John Potter's second period at Dunfermline ended yesterday when it was confirmed he would move to Sunderland as first team coach. This is a tremendous opportunity for the popular and hard working coach and one that he thoroughly deserves. He will be much missed around EEP, not least because he is a self-confessed Pars fan and one of the few examples in the modern day game of a player, then coach, who was proud to represent his own team.
Potts joined Dunfermline as a 19 year old centre half in 1999 after a 2 year spell as a Celtic youth team player. He made 28 appearances for the Pars first team before leaving to join Clyde in 2002. From there he went to enjoy the best period of his playing career at St Mirren, from 2005 to 2011, which included promotion to the Premier League and 3 seasons as club captain.
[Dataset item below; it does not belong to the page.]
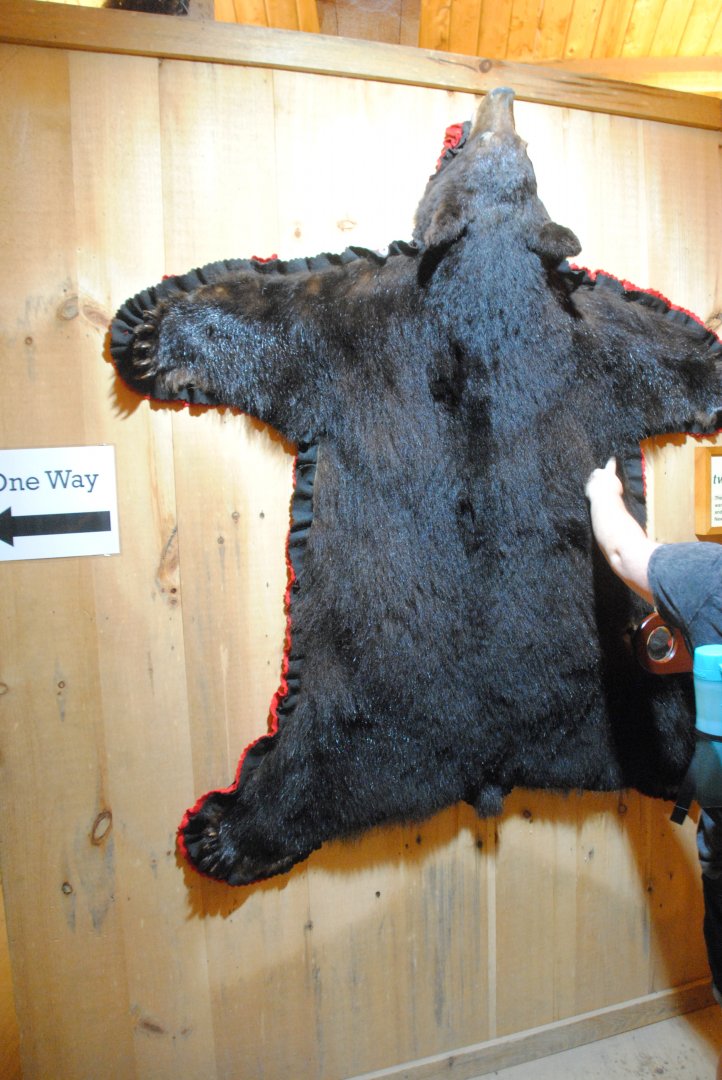 Black Bear rug (inside Black Bear viewing shelter)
A change of manager in 2011 saw a squad clear-out which surprisingly included Potts. His next move was back to Dunfermline and marked the start of a 6 year period and the start of his coaching career.
Joining the club after its return to the top division in season 2011/12, Potts made 19 appearances before being loaned to Queen of the South for the second half of the season. The Pars team suffered relegation and manager Jim McIntyre was replaced by Jim Jefferies, who made Potts part of his coaching staff for the following season, 2012/13. The new-look Dunfermline team topped what is now the Championship until financial issues and eventual administration decimated the playing squad and left Potter and Craig Dargo as the club's senior players, with the bulk of the remaining squad being youth team players. Potts had guided the Pars youth team to the Scottish Youth Cup Final as the club's Under 20s coach but the sudden elevation of many of the young team to the first team, after many senior players were released, proved to be detrimental to both the youth team (the final was lost, to Celtic), and the young first team (a points deduction was followed by relegation to League 1).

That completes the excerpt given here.